### WHAT IS REQUIRED:
An exact transcription of all the records below is required, without any images.

========================================

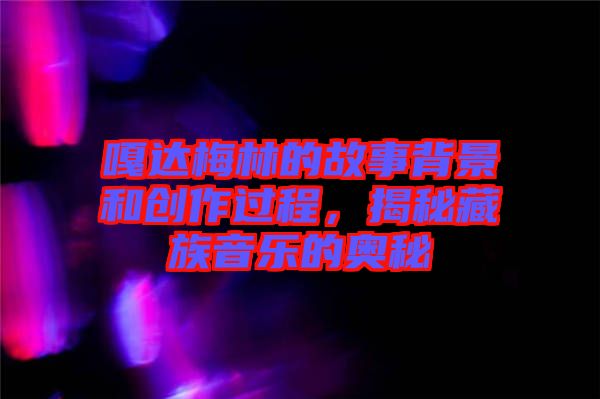 嘎達(dá)梅林的故事背景和創(chuàng)作過程，揭秘藏族音樂的奧秘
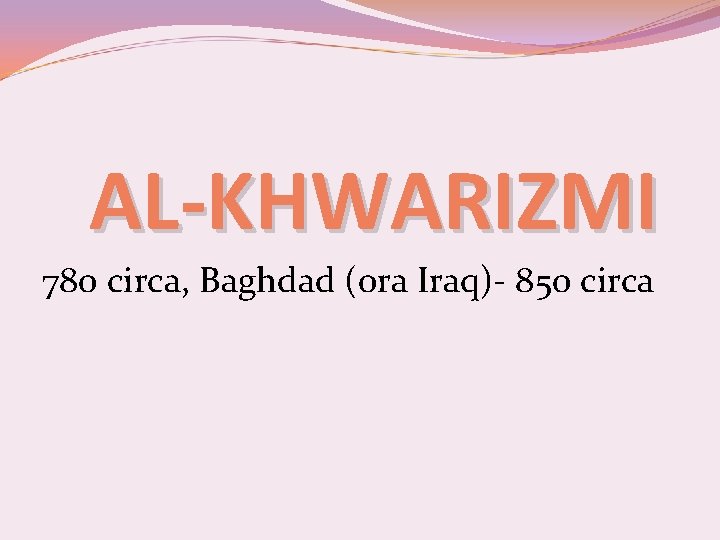 AL-KHWARIZMI 780 circa, Baghdad (ora Iraq)- 850 circa 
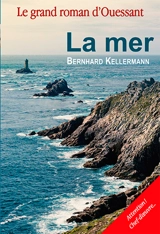 La mer - Bernhard Kellermann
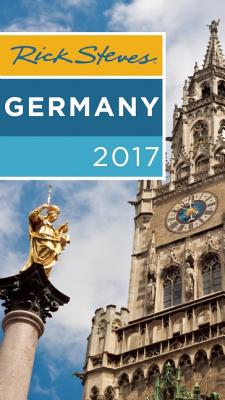 Rick Steves Germany 2017 - Steves, Rick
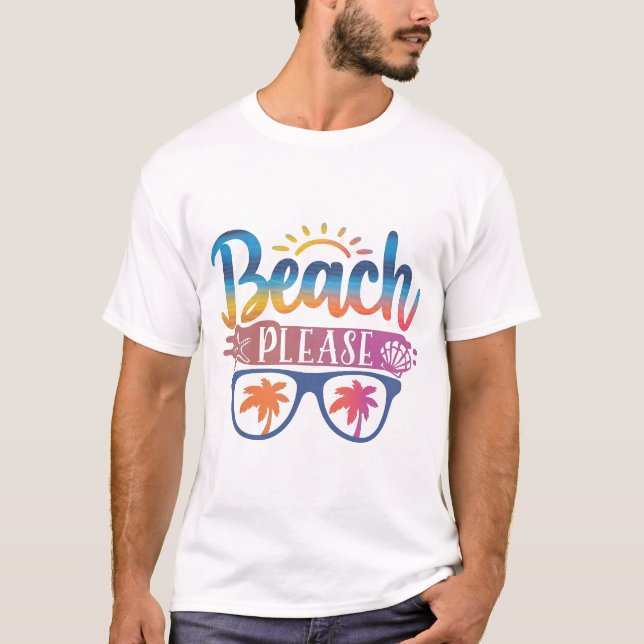 Beach bitte, Summer Vacation T - Shirt (Vorderseite)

========================================

### RESPONSE TO THIS EXERCISE:
 嘎達(dá)梅林的故事背景和創(chuàng)作過程，揭秘藏族音樂的奧秘
 AL-KHWARIZMI 780 circa, Baghdad (ora Iraq)- 850 circa 
 La mer - Bernhard Kellermann
 Rick Steves Germany 2017 - Steves, Rick
 Beach bitte, Summer Vacation T - Shirt (Vorderseite)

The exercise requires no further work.